The regulatory context
After the approval of spot Bitcoin ETFs in January, several exchanges immediately filed applications for options trading on these new funds. However, in response to the SEC’s comments, many of these applications were withdrawn and later resubmitted. The market is now awaiting the SEC’s decision on whether or not to approve these options. According to Matt Hougan, Chief Investment Officer at Bitwise, the introduction of Bitcoin options is crucial for the full normalization of this asset. ETF options provide a critical component of liquidity, which is necessary for the proper functioning of the market.
What is an option?
An index option is a financial contract that gives the holder the right to buy or sell a market index at a set price by a specific date. There are two main types of index options: call and put. A call option allows you to buy the index at a predetermined price, and is generally used when you expect the index to rise.
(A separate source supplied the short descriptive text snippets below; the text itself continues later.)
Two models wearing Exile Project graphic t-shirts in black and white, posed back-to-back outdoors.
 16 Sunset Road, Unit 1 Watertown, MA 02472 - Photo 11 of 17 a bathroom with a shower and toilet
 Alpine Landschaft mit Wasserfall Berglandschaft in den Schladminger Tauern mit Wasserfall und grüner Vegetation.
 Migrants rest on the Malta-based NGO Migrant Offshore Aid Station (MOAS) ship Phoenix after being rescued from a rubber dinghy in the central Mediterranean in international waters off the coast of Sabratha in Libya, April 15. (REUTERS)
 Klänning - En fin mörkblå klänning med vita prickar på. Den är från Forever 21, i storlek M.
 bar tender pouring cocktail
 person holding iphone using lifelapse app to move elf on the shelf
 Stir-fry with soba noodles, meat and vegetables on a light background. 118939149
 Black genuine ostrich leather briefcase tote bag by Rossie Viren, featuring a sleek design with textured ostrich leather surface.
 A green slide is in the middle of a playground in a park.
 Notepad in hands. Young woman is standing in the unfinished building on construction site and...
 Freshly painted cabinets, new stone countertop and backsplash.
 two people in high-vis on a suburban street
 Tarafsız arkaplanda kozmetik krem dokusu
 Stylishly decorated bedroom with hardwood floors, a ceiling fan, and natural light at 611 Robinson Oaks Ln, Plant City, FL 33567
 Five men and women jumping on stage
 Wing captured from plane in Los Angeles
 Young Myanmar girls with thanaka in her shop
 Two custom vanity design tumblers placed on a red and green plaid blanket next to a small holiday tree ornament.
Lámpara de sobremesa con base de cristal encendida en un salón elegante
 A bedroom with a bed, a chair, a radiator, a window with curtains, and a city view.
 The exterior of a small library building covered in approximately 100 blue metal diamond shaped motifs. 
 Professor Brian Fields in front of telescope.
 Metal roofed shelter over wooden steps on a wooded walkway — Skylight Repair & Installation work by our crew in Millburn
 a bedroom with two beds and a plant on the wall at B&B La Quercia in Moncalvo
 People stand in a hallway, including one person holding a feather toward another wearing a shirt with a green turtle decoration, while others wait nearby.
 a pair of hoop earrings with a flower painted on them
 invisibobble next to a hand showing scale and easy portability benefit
A put option, on the other hand, allows you to sell the index at a set price, and is used when you expect the index to fall. The key elements of an option include the strike price, which is the price at which you can buy or sell the index, and the expiration date, which is the time by which the option must be exercised. The cost of buying an option is known as the premium, and is paid by the buyer to the option writer. Index options are used both for speculative purposes, to profit from market movements, and for hedging, to protect investments from possible losses caused by market fluctuations.